> _TRY IT_:
From the first line to the last, please reproduce the material exactly, skipping the pictures.

> _EXERCISE DATA_:
#####

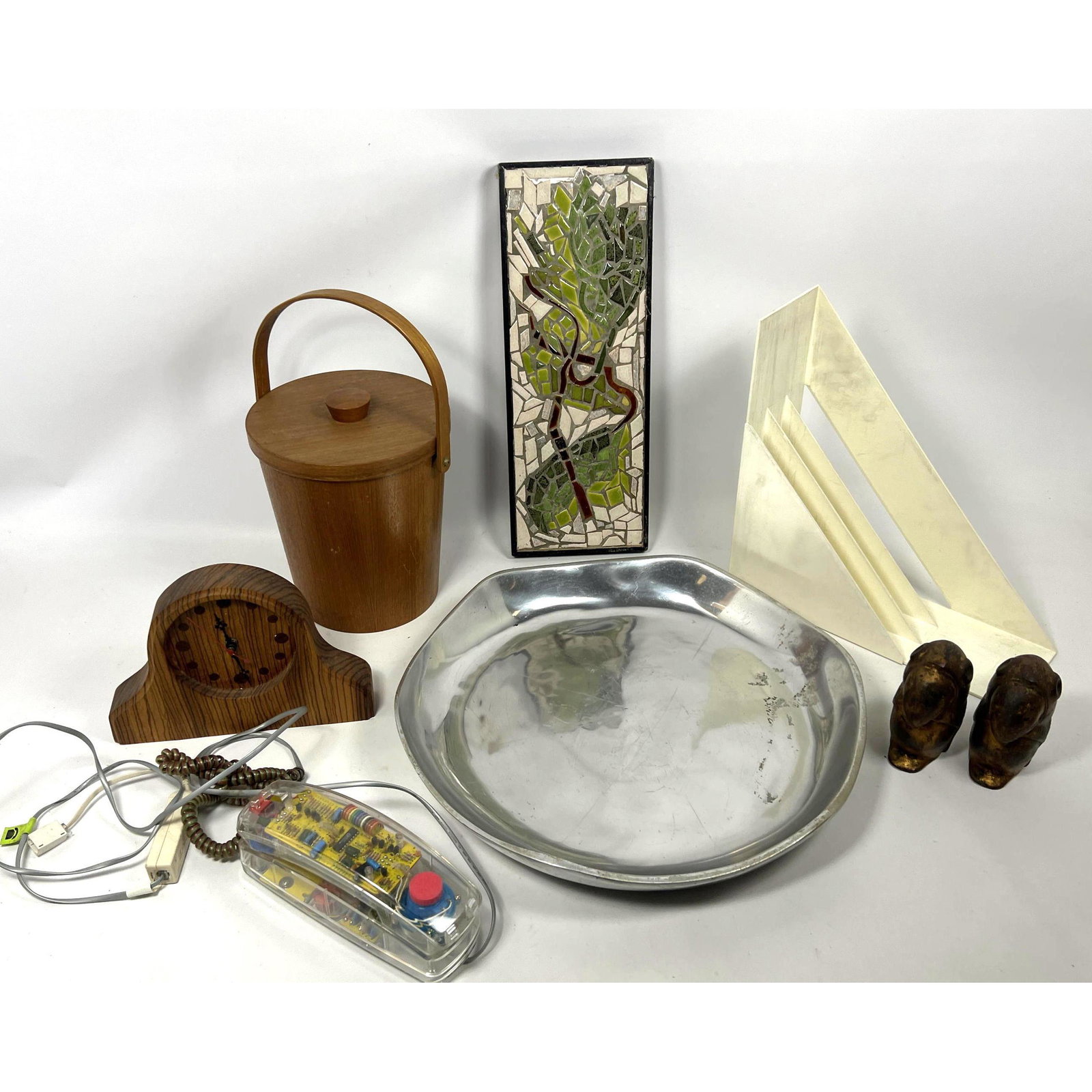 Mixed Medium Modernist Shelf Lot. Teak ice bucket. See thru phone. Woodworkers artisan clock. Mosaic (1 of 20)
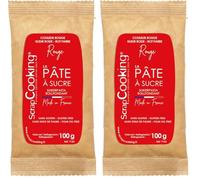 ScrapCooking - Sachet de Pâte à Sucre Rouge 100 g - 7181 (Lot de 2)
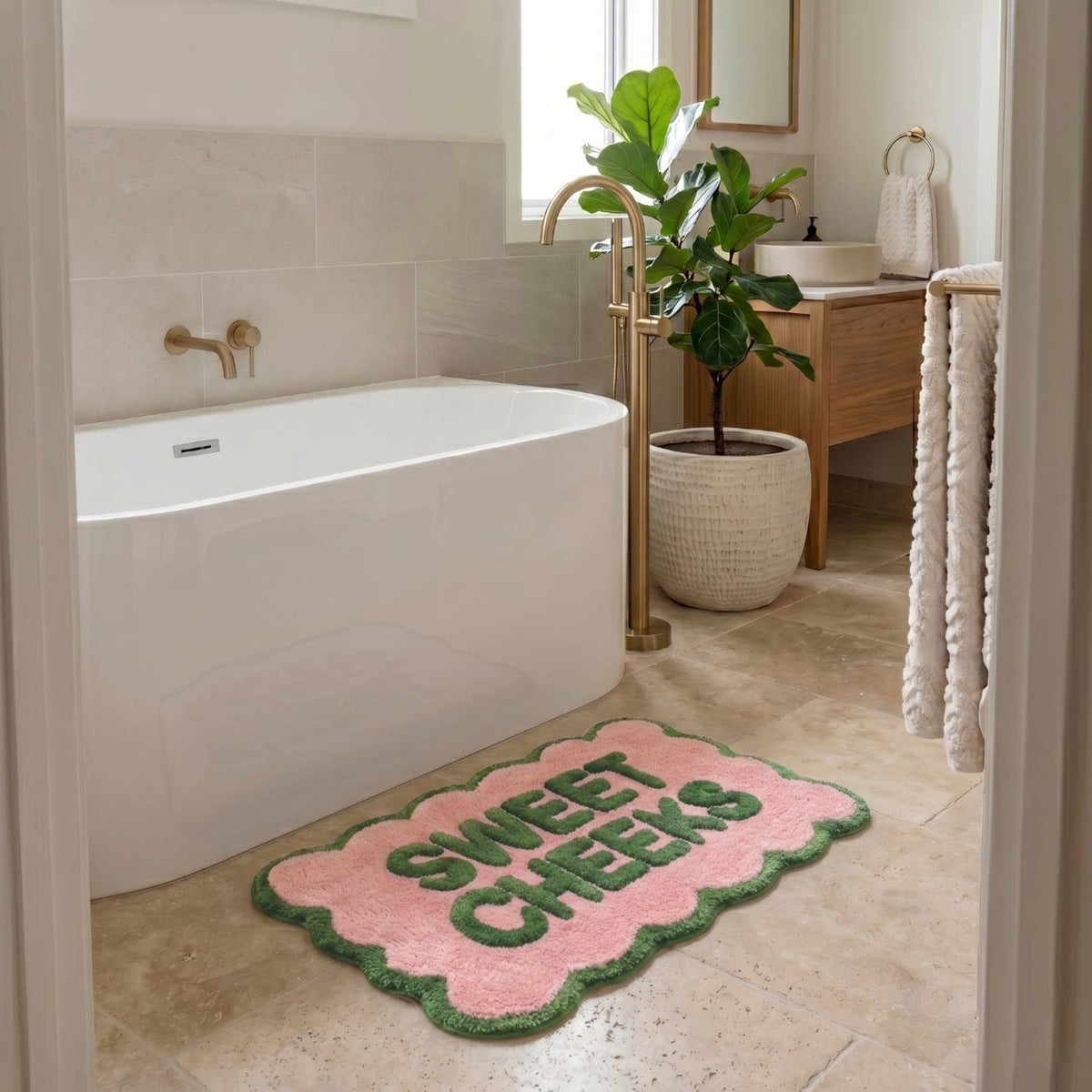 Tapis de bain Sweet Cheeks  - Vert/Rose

#####

> _ANSWER AREA_:
 Mixed Medium Modernist Shelf Lot. Teak ice bucket. See thru phone. Woodworkers artisan clock. Mosaic (1 of 20)
 ScrapCooking - Sachet de Pâte à Sucre Rouge 100 g - 7181 (Lot de 2)
 Tapis de bain Sweet Cheeks  - Vert/Rose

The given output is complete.